The big fear with IUGR is the same fear we always have with kids in utero: not enough oxygen. In this case, the oxygen the baby gets comes from the placenta. Deprivation of oxygen is a leading cause of neonatal fatality and can also cause disabilities like cerebral palsy and other physical and mental injuries that result in long-term developmental delays or permanent injury or death.

Intrauterine Growth Restriction

Intrauterine growth restriction occurs when the baby is in the bottom 10% of growth for a fetus of the same age. Fetal growth restriction is not always a problem. Some of these fetuses are constitutionally small because their parents are small. But it is a concern if the child is abnormally small because some problem or abnormality prevents cells and tissues from growing or worse, causes cells to get smaller. Usually, the culprit is a lack of nutrients and oxygen needed for the proper development of organs and tissues. Infection can also be a cause.

Can IUGR be misdiagnosed? Yes. But in our birth injury lawyers’ experience, the misdiagnosis is failing to understand the gravity of the condition, as opposed to the doctor being completely unaware of the intrauterine growth restriction.

When to Deliver a Baby with IUGR

The critical question is when to deliver an IUGR baby. If the child is not receiving enough oxygen or nutrients from the placenta, the condition will worsen as the child grows larger and the demands for sustenance increase. Trying to get more days out of the pregnancy is often a foolish choice when the doctors should be delivering the child before the fetus suffers some hypoxic event that causes catastrophic injury or death.

Constitutionally Small Is Not Always an Answer

In the intrauterine growth restriction malpractice lawsuits our lawyers often see, doctors blow off clear signs and symptoms of IUGR by saying the fetus is just “constitutionally small.” This means that it is just a small baby that does not present a risk to the child. This is often a misdiagnosis of IUGR. The key is for doctors to be able to tell the difference between a baby that is just tiny because it is genetically small and a fetus that is not properly growing because of an underlying pathological condition.
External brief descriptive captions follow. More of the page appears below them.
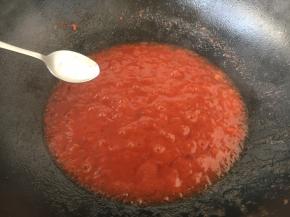 放入1勺的水淀粉勾芡。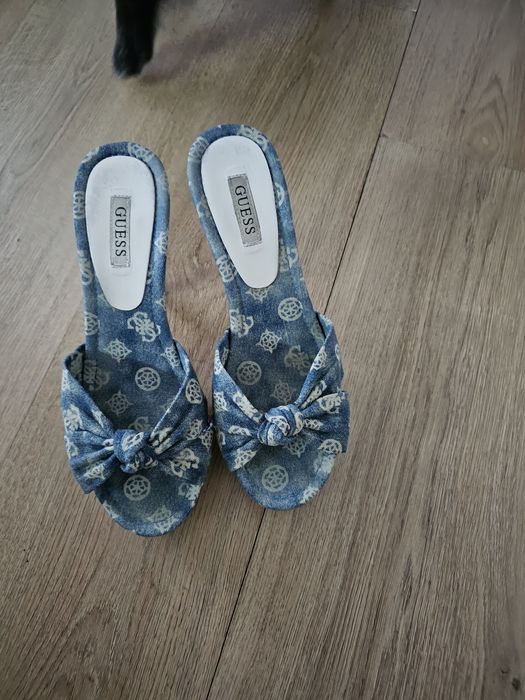 Сандали    Guess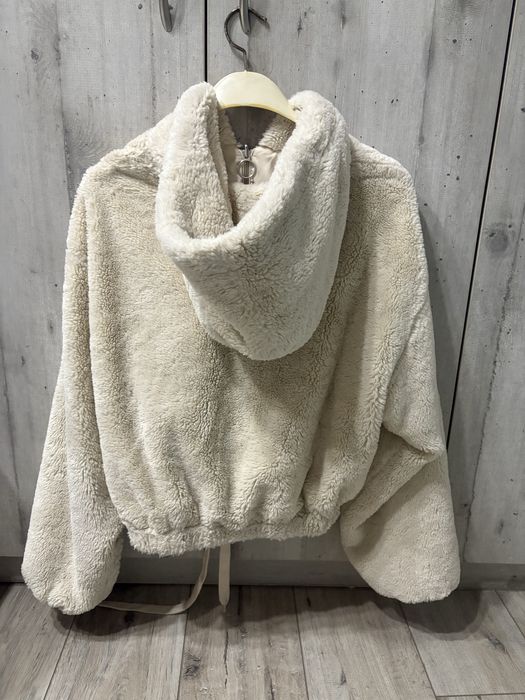 Яке pull and bear M/L размер 30лв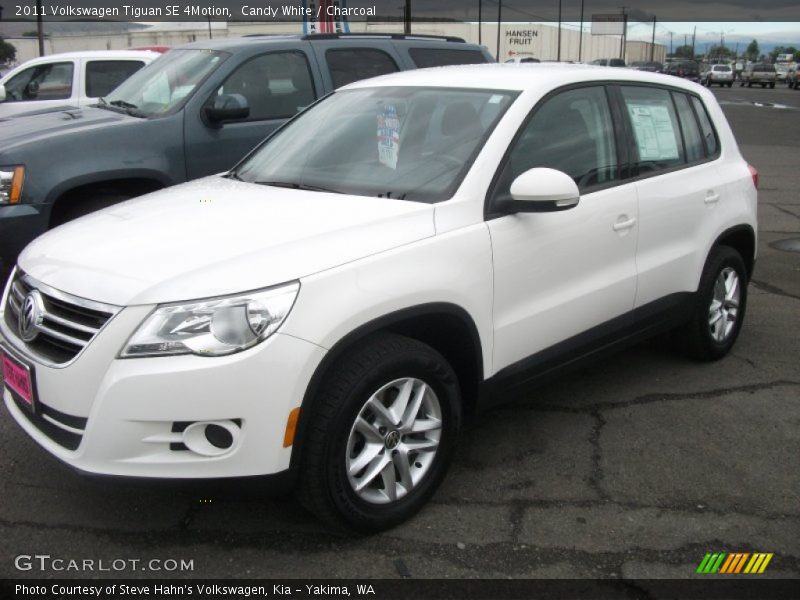 Candy White / Charcoal 2011 Volkswagen Tiguan SE 4Motion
Types of Symmetrical IUGR vs. Asymmetrical IUGR

There are two types of IUGR: asymmetrical and symmetrical. Over two-thirds of the cases are asymmetrical, meaning that the body size of the fetus lags behind its head size. This is the less serious of the two, although it still comes with risk, the biggest of which is probably preeclampsia in the third trimester.

Symmetrical or global growth restriction IUGR is often more serious because the child’s head is also not growing at the desired rate and the reasons for that are of greater concern. Fetuses with symmetrical IUGR typically show signs and symptoms of a problem earlier in the pregnancy than with asymmetrical IUGR.
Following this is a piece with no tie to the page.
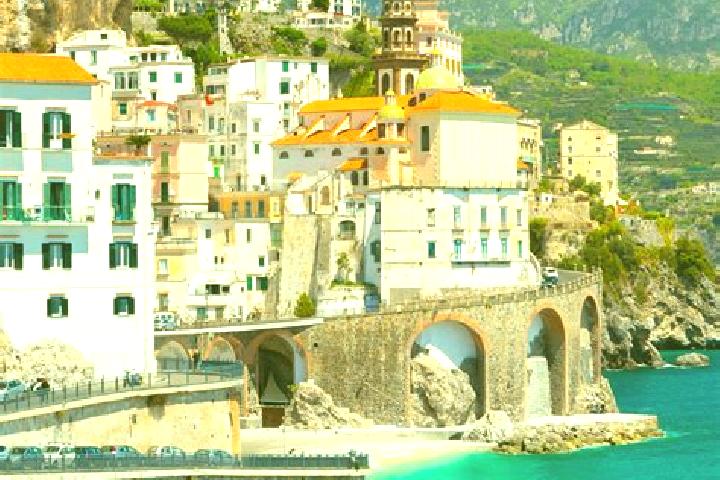 Zoe, 22 — Escort in Brusnengo, Italy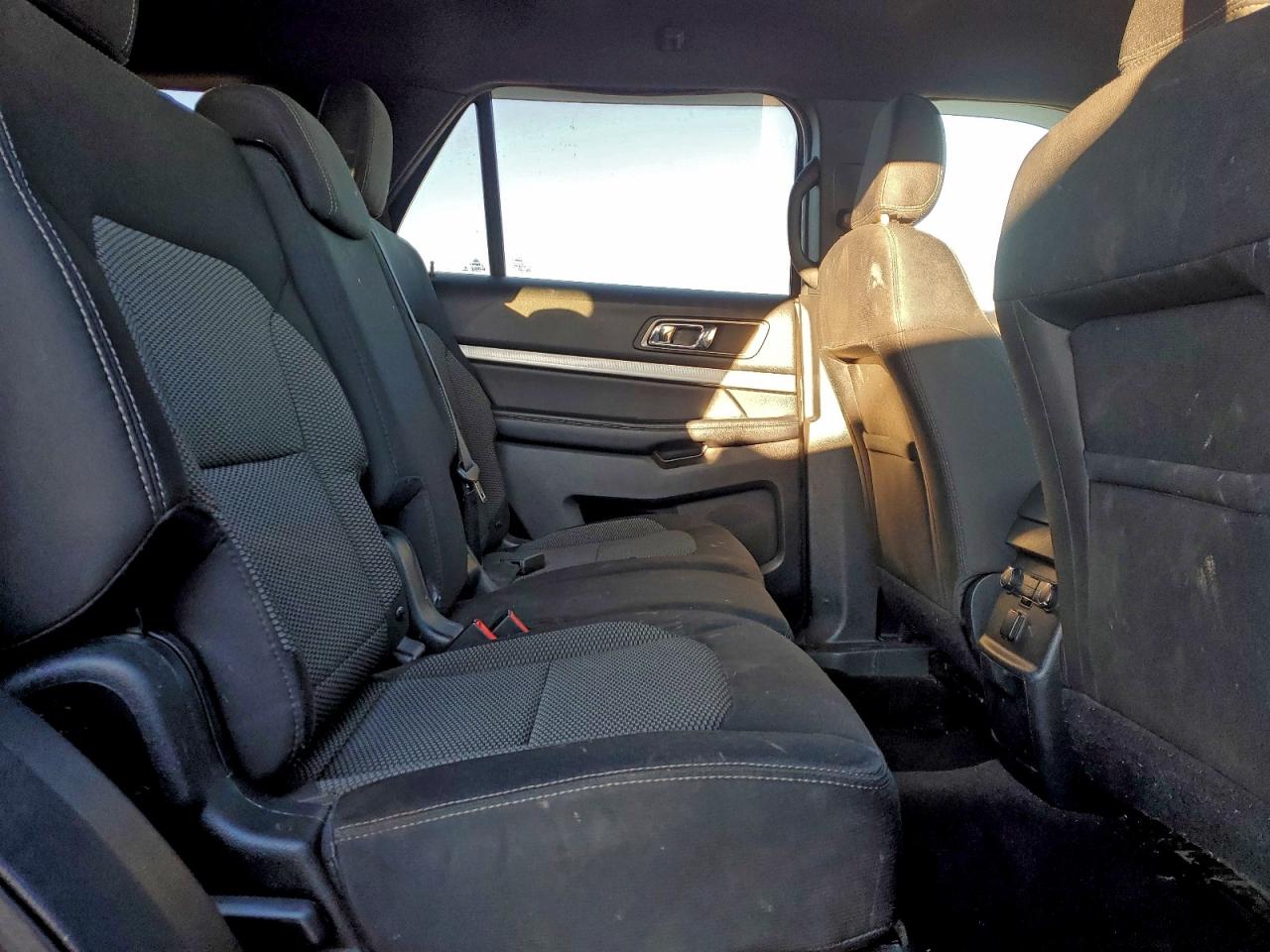 2018 FORD EXPLORER XLT photo 11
One cause of IUGR in twins is called a twin-twin transfusion. This is when twins are sharing a placenta and one twin is getting a greater share of the oxygen and nutrients at the expense of the other. With the explosion of multiple births in recent years, our birth injury attorneys are seeing more twin-twin transfusion syndrome cases.
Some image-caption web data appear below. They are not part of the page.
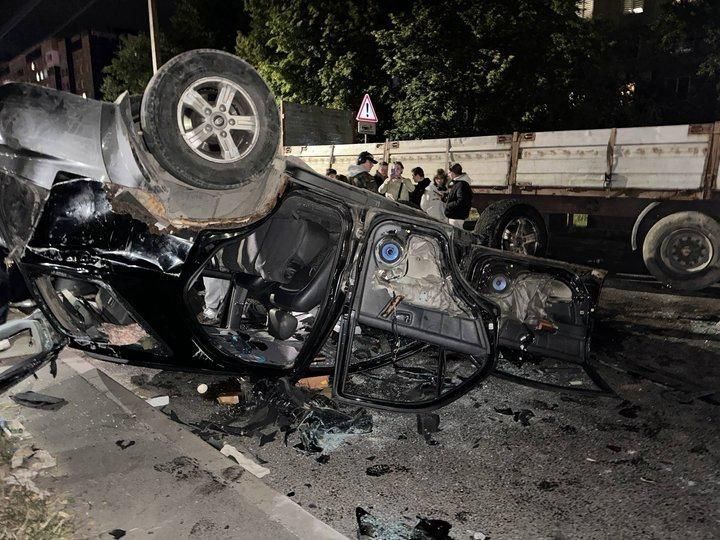 Во время беспорядков опрокинули авто ТЦК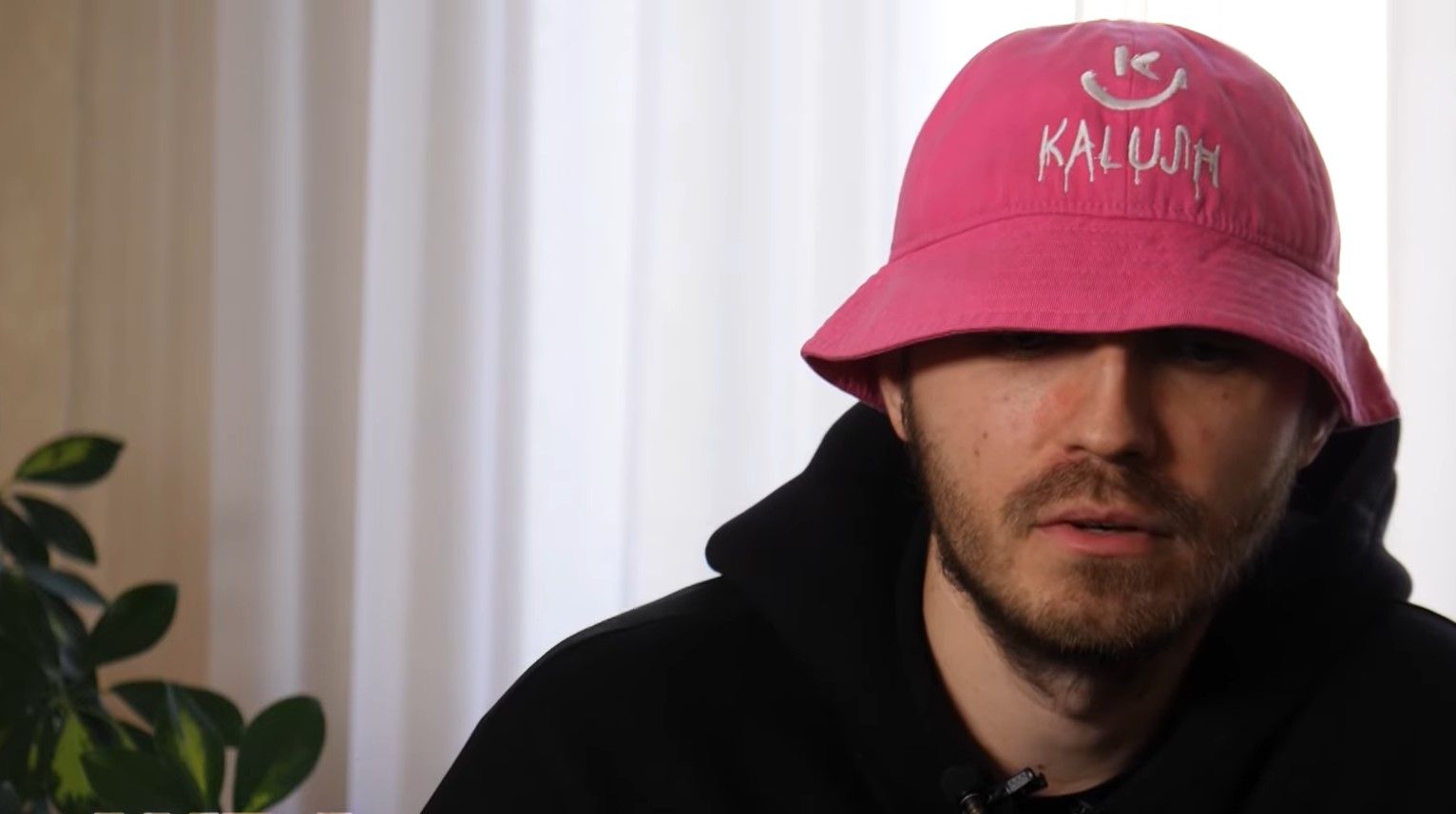 Лідер Kalush Orchestra розповів, ким працює його мама Стефанія Лідер Kalush Orchestra розповів, ким працює його мама Стефанія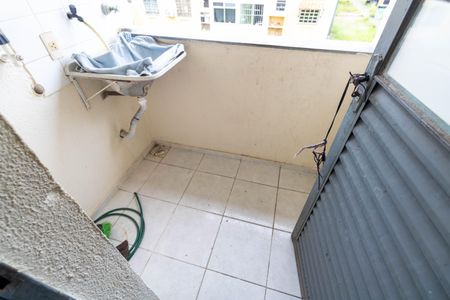 Área de Serviço de apartamento para alugar com 2 quartos, 42m² em Cosmos, Rio de Janeiro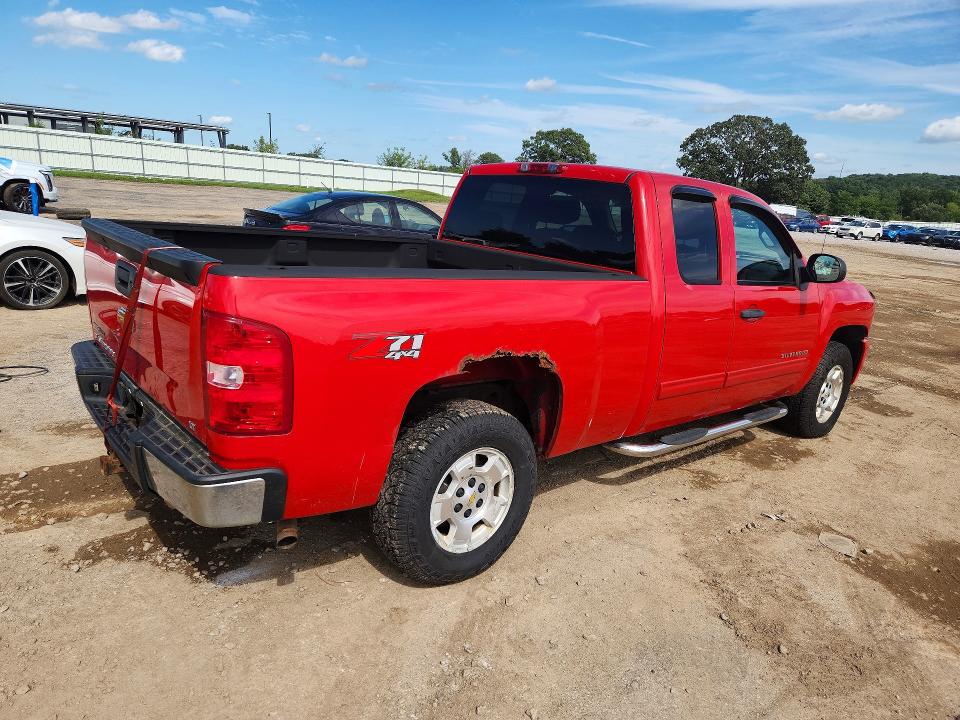 Photo 3 from auction – 2010 CHEVROLET SILVERADO with VIN 1GCSKSE33AZ107493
What If the IUGR Was Caused By Something I Did?

This is sometimes a sensitive question in these cases. Intrauterine growth retardation or restriction can come from a specific, known cause or an unspecific, unknown cause. There are many factors that can contribute to IUGR:

  • Maternal diabetes
  • Maternal or fetal high blood pressure or heart disease
  • Kidney disease
  • Blood clotting disorders
  • Alcohol or drug abuse/smoking
  • Poor nutrition

Obviously, the first three are not the mother’s fault. But the last two, substance abuse and, to a lesser extent, poor nutrition, are avoidable risk factors. It does not help your child’s potential malpractice case if your lifestyle choices contributed to your child’s IUGR. But they do not kill you or your child’s case either. Ultimately, the key is what the doctors should have and could have done once they suspected IUGR, not how the problem began in the first place.

Intrauterine Growth Restriction Specialists for Baby (and Litigation)

If your baby was diagnosed with intrauterine growth restriction (or should have been), you want to get the right doctors involved. The involvement of a maternal-fetal medicine specialist (MFM) can make the difference between a healthy outcome and permanent injury. These doctors are trained to manage high-risk pregnancies, including cases where the baby is measuring 2 weeks behind or showing signs of slowed fetal growth.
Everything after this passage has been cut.